* WHAT NEEDS TO BE DONE
Restate the data below word for word, and let no image into your version.

* INPUT DATA
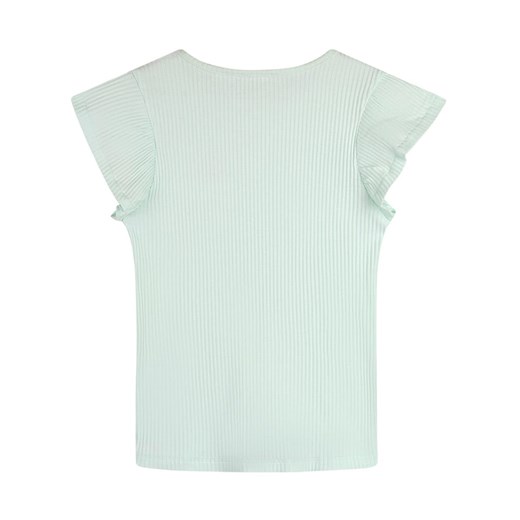 No-No Koszulka &quot;Kesta&quot; w kolorze turkusowym No-no 116 okazja Limango Polska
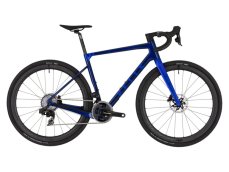 PELLS Raw Carbon 1 Future Dusk - XL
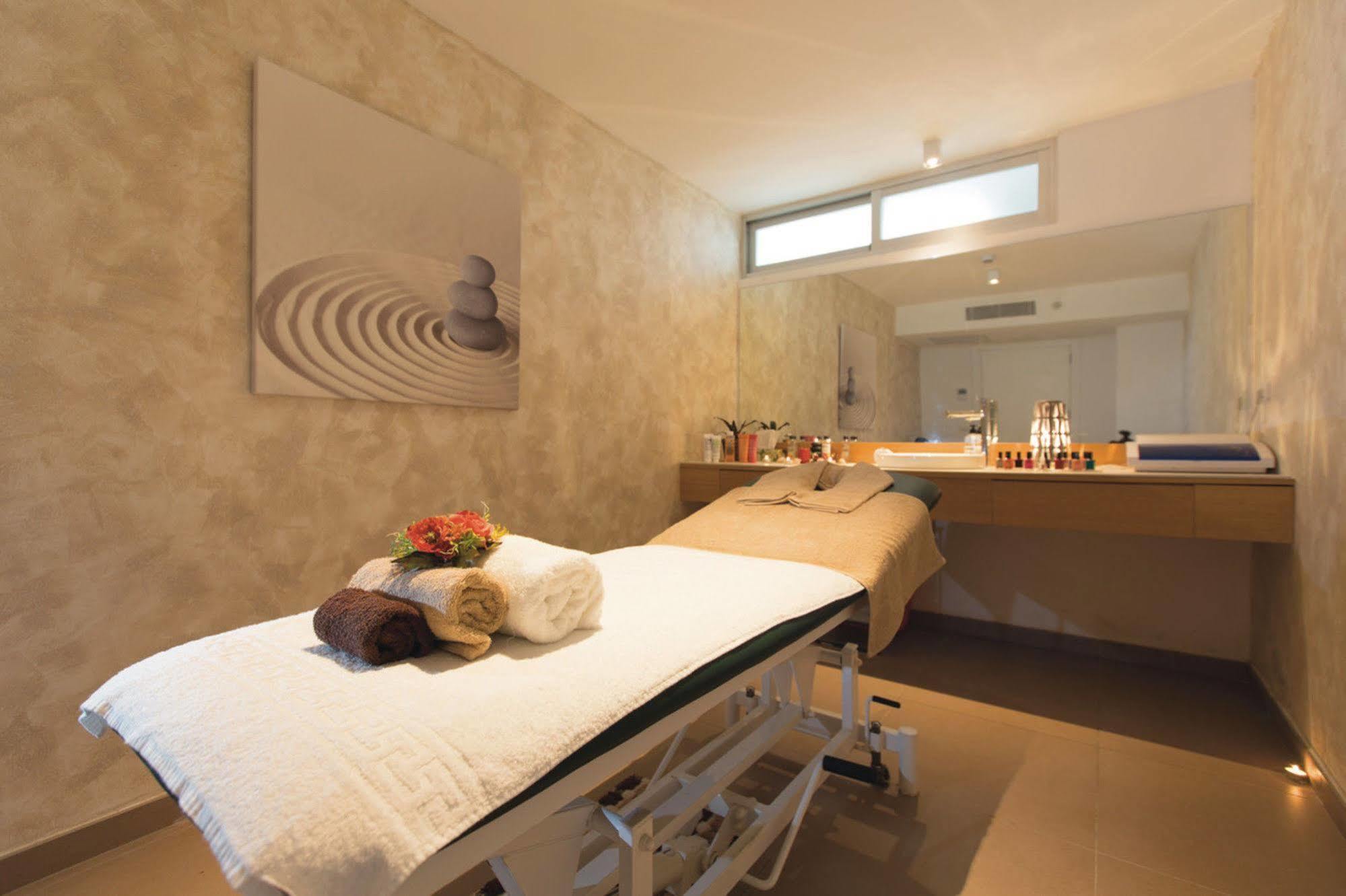Hotel Riu San Francisco (adults Only) Playa de Palma (Mallorca)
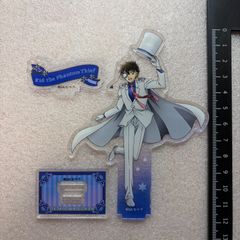 名探偵コナン怪盗キッド黒羽快斗江戸川コナン工藤新一両面アクリル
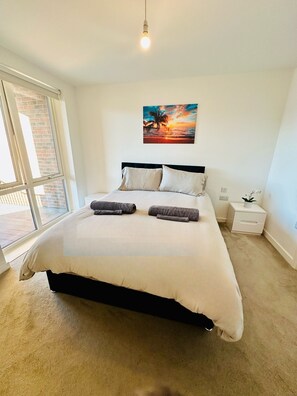 2 camere, ferro/asse da stiro, Wi-Fi, lenzuola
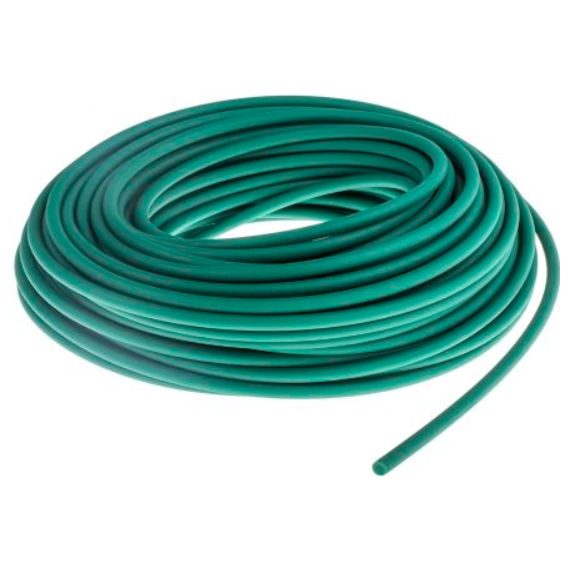 Curea termosudabilă rotundă Leco Pu 5X445 Volta - megora.ro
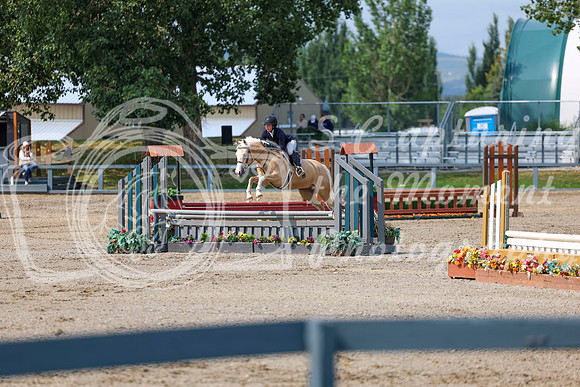 07691 - Shea - 2026 Rocky Mountain Classic I - Thursday August 6th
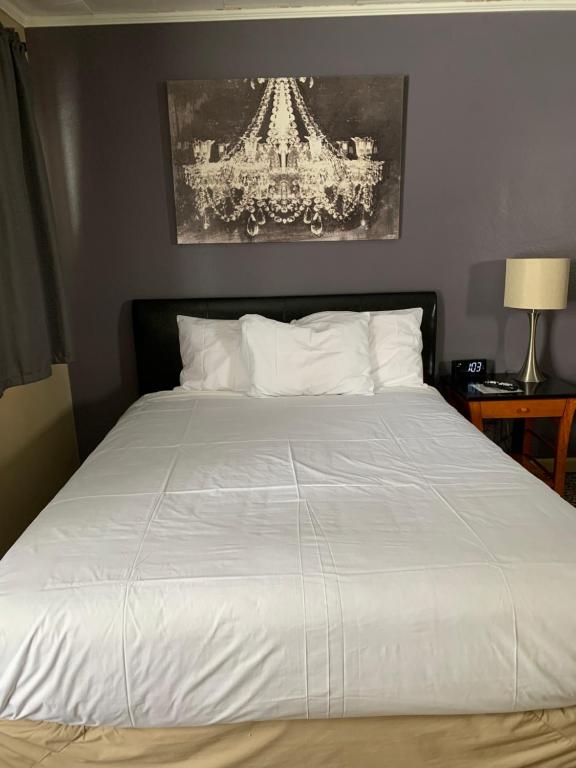 The Triangle Motel photo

* SOLUTION TO THIS TASK
 No-No Koszulka &quot;Kesta&quot; w kolorze turkusowym No-no 116 okazja Limango Polska
 PELLS Raw Carbon 1 Future Dusk - XL
Hotel Riu San Francisco (adults Only) Playa de Palma (Mallorca)
 名探偵コナン怪盗キッド黒羽快斗江戸川コナン工藤新一両面アクリル
 2 camere, ferro/asse da stiro, Wi-Fi, lenzuola
 Curea termosudabilă rotundă Leco Pu 5X445 Volta - megora.ro
 07691 - Shea - 2026 Rocky Mountain Classic I - Thursday August 6th
 The Triangle Motel photo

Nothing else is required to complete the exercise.